Problem is, obviously, no more Ledger so maybe the trial storyline is a non-starter, though I would have imagined it being more of a silence of the lambs type of thing rather than a courtroom drama -maybe it is possible to have him languishing deep in Arkham for a few years. Then being used in some way.
He could be changed slightly by time inside, bloated - thinner. Seeing him play with psychologists would be fun. But what would be the problem that he could help with - why would he? I suppose exposure to Batman is the only thing that makes his life worth living.
Also I'll tell you what else could be good, a reveal that Dent's coffin was empty when it was buried. That Two-Face is also held deep in Arkham - maybe somehow he and Joker work together from the inside. Maybe it's the riddler on the outside.
Anyway that's just me spouting random ideas.
The real problem is where to go thematically, ultimately if you can figure that out then the correct characters and villains to use will just fall out.
So thematically the first movie dealt with the fact that some problems can't be fixed by a person. But if you could be more than a person, if you become an symbol then you can create not only fear but hope.
Bruce established early on that his one rule would be not to kill, that he could be a judge and jury but never an executioner.
The second film deals with the flip side of that coin where a villain follows his lead and becomes an symbol in direct opposition to Batman but this time with no rules to restrict him.

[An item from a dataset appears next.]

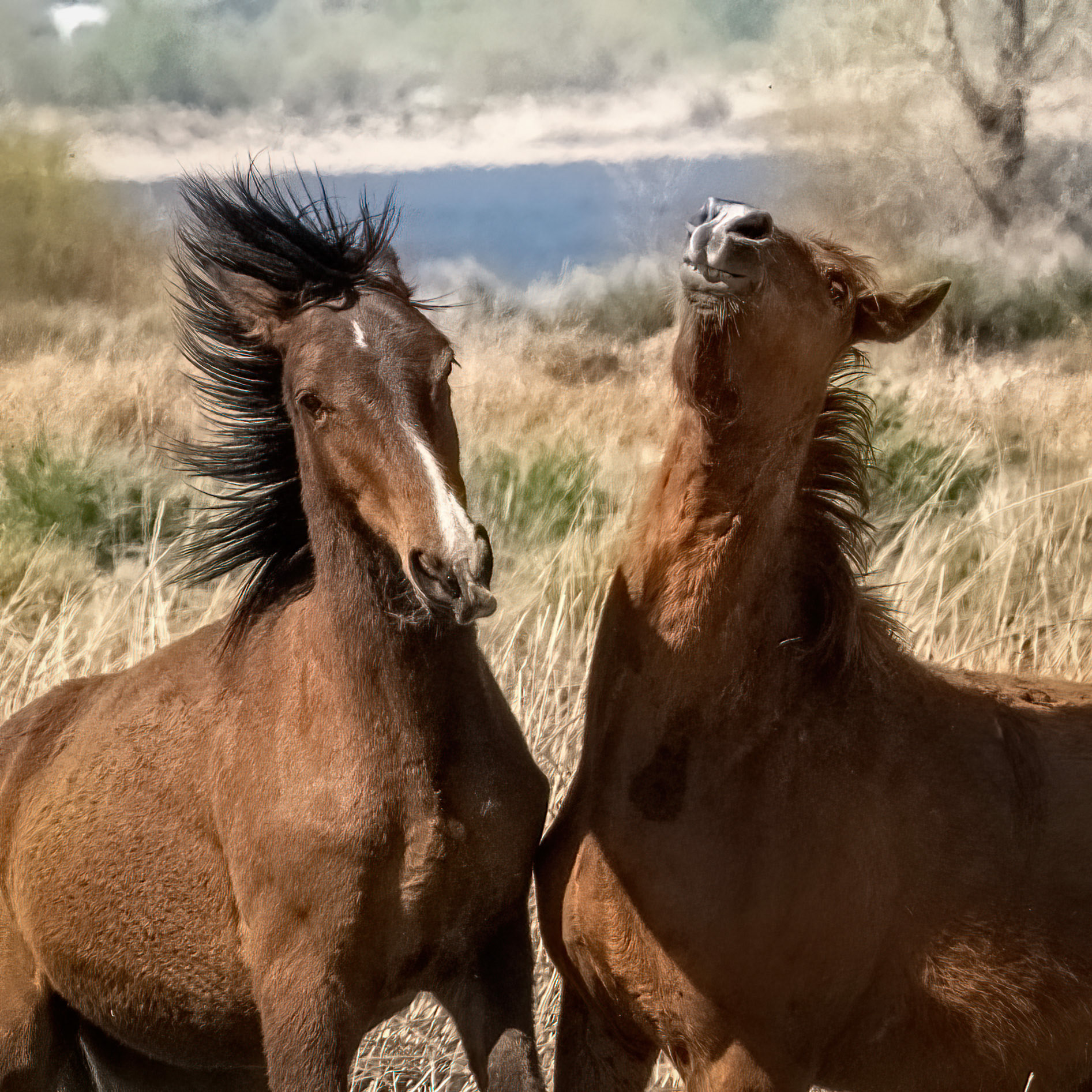 Horses at the Washoe, NV.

At the same time Batman sees that there can be a symbol for hope, with a both a face and a name in the shape of Dent. As much as he tries to support him hoping it's his way out, Joker tries to drag him down to prove his point and to keep Batman for himself.
By the end Joker wins and the only way to sidestep that victory is for Batman to sacrifice what little of Bruce Wayne there may have been and become the Batman. To take the blame and become a symbol not only of fear but hate. Leaving Dent untouched.
So to make it not just 'another batman film' a possible theme for the third one would have to revolve around something that could pull Bruce back out of the Batman, to give him some hope again.
Would that be done via some new woman who turns out to be catwoman? Maybe.
Of course there is another character that is almost identical to Batman, who is orphaned, who could maybe spur Batman on to ensure that whilst he is completely lost to his cause this younger echo of him shouldn't be... but could Robin exist in Nolans world?
It's very tricky. Like I say it's about figuring out what the right theme is - where do want to take the character... if it really is the end of a trilogy maybe it could just be set years later and see him retire.
But why? What would he have achieved? Who would be there for him when he wasn't Batman anymore?